Die Kritiker

«Polizeiruf 110 - Nachtdienst»

von

Ein Mord im Altenheim führt Hans von Meuffels mitten in den Pflegenotstand. Ein Film, der manchmal zu pathetisch wachrütteln will, dessen ruhigere, einnehmendere Momente dafür aber umso gelungener sind.

Cast & Crew

Vor der Kamera:
Matthias Brandt als Hans von Meuffels
Elisabeth Schwarz als Elisabeth Strauß
Marina Galic als Marija Abramovich
Philipp Moog als Sebastian Kroll
Florian Karlheim als Tscharlie Meier
Ernst Jacobi als Claus Grübner
Mika Ullritz als Janni

Hinter der Kamera:
Produktion: die film gmbh
Drehbuch: Ariela Bogenberger und Astrid Ströher
Regie: Rainer Kaufmann
Kamera: Klaus Eichhammer
Produzenten: Sophia Aldenhoven und Uli Aselmann
Der Pflegenotstand hat ein Gesicht: Es ist das von Elisabeth Strauß (Elisabeth Schwarz), 80 Jahre alt, total dement, aber resolut und willensstark. Spät nachts taucht sie vor dem Münchner Kommissariat auf, wo Hans von Meuffels (Matthias Brandt) gerade seine wohlverdiente Feierabendzigarette raucht. Sie beginnt zu faseln, zusammenhängend, aber schwer verständlich, von einem Mord im Pflegeheim, einem Erschlagenen, ganz viel Blut – und ganz viel Vernachlässigung.

Meuffels beschließt zu ermitteln, fährt ins Pflegeheim und sieht sich die dortigen Zustände an. Sie sind freilich schockierend. Die drei Pfleger der Station – zwei junge Männer mit gebrochener Erwerbsbiographie samt berufsständischer Verbitterung und eine osteuropäische Kollegin, die tapfer viel zu schwere alte Leute von A nach B lagert – tut, was sie kann, doch das ist bei dieser Besetzung nicht viel. Sie können zusehen, dass so wenige Menschen an vermeidbaren Ursachen sterben wie möglich, dass sich die völlig wahnhaften Patienten zumindest so ruhig verhalten, dass sie die Anderen nicht stören, können im Akkord Windeln wechseln, Medikamente geben, Erbrochenes aufwischen. Und dann steht da dieser Meuffels, der bald noch mitten in der Nacht einen Trupp Spurensicherung ins Heim schleift, und will in einem Mordfall ermitteln.

Am schlimmsten sind die Patienten dran, die noch klar bei Verstand sind, und somit voll aufnahmefähig das Elend als solches erkennen.
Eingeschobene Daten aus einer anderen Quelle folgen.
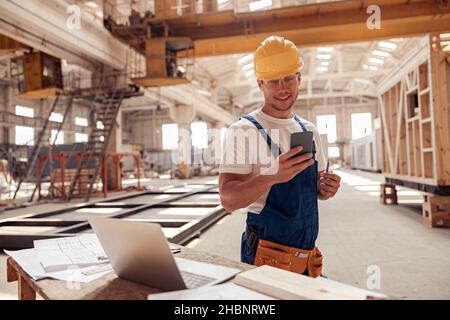 Cheerful builder using smartphone at construction site Stock Photo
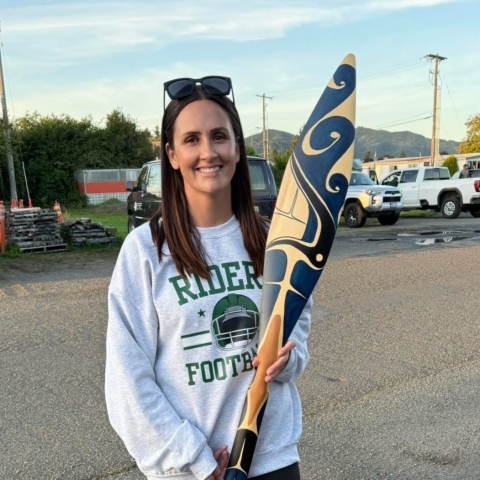 smiling woman holding canoe oar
Das Pflegeheim ist ein Ort größter Tristesse, mit einer Verwaltung des Leidens und Sterbens, die so herz- und erbarmungslos wirkt, als hätte sie Kafka an einem seiner unglücklicheren Tage verfasst, und dem Tod, diesem Meister aus Deutschland, als ständigem Begleiter: Das Sterben wird ein alltäglicher Prozess, und jeder kann der Nächste sein.

„Nachtdienst“ ist ein beobachtender Film, eine Milieustudie – nicht zuletzt aber auch ein Problemfilm. An seinem Mordfall, den er eher zur Auflockerung fast schon karikierend erzählt, hat er wenig Interesse. Stattdessen führt er uns eine scheinbar wahllose Nachtschicht in einem süddeutschen Pflegedienst vor, mitsamt ihren Banalitäten, organisatorischen Defiziten, unschönen Ereignissen und Vorgängen, die sich kulminiert zu einer Grausamkeit häufen. Jenseits der unerhörten Begebenheit eines nächtlichen Mordes im Pflegeheim scheinen die Autoren Ariela Bogenberger und Astrid Ströher und Regisseur Rainer Kaufmann großen Wert darauf zu legen, uns diese Nacht im Heim als eine exemplarische darzustellen. Daraus folgt: Diese Grausamkeit ist systemisch, sie ist eine soziale und politische Unerhörtheit.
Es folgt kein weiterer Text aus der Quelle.